Thomas Boston, Works, 2:73:

The law is perfect, and requires a full conformity thereto. It requires the utmost perfection in every duty, and forbids the least degree of every sin. So that life and salvation are absolutely unattainable by it, since no man can perform such an obedience to it as it requires. Our salvation is suspended in obedience to the law; which since we cannot perform, let us be induced to betake ourselves to the obedience and satisfaction of Christ, by which the law is magnified and made honourable, and with which God is well pleased; and will be pleased with every sinner that takes the benefit thereof.


----------



## Herald (Mar 19, 2014)

armourbearer said:


> Thomas Boston, Works, 2:73:
> 
> The law is perfect, and requires a full conformity thereto. It requires the utmost perfection in every duty, and forbids the least degree of every sin. So that life and salvation are absolutely unattainable by it, since no man can perform such an obedience to it as it requires. Our salvation is suspended in obedience to the law; which since we cannot perform, let us be induced to betake ourselves to the obedience and satisfaction of Christ, by which the law is magnified and made honourable, and with which God is well pleased; and will be pleased with every sinner that takes the benefit thereof.



Matthew,

What of the statement, "we are sinners twofold: we are born in sin and we sin; hence there would be no benefit in perfect obedience to the law"?


----------



## MW (Mar 19, 2014)

Herald said:


> What of the statement, "we are sinners twofold: we are born in sin and we sin; hence there would be no benefit in perfect obedience to the law"?

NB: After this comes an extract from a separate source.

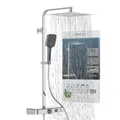 Schütte OCEAN Duschsystem mit Thermostat und Glasablage-Duschset mit 30x30cm, Regendusche mit Wandhalterung und Duschkopf-Duschpaneel Duschsäule in Chrom/Anthrazit 60531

Five benefits. First, it vindicates the justice of God in punishing sinners according to the terms of the covenant of works, which required perfect obedience. Secondly, it magnifies the Lawgiver and honours His authority. Thirdly, it drives us out of ourselves to seek this perfection in Another. Fourthly, grace reigns through righteousness and thereby assures the believer that grace will superabound sin at every point. Fifthly, it gives the justified believer a pattern of what he is to become in glory when he is made fully conformable to the image of his Elder Brother.


----------



## Puritan Sailor (Mar 20, 2014)

I appreciate all the Boston quotes lately. I've been reading through his much of his sermons over the last couple years and find him very helpful. I think he is too often overlooked.


----------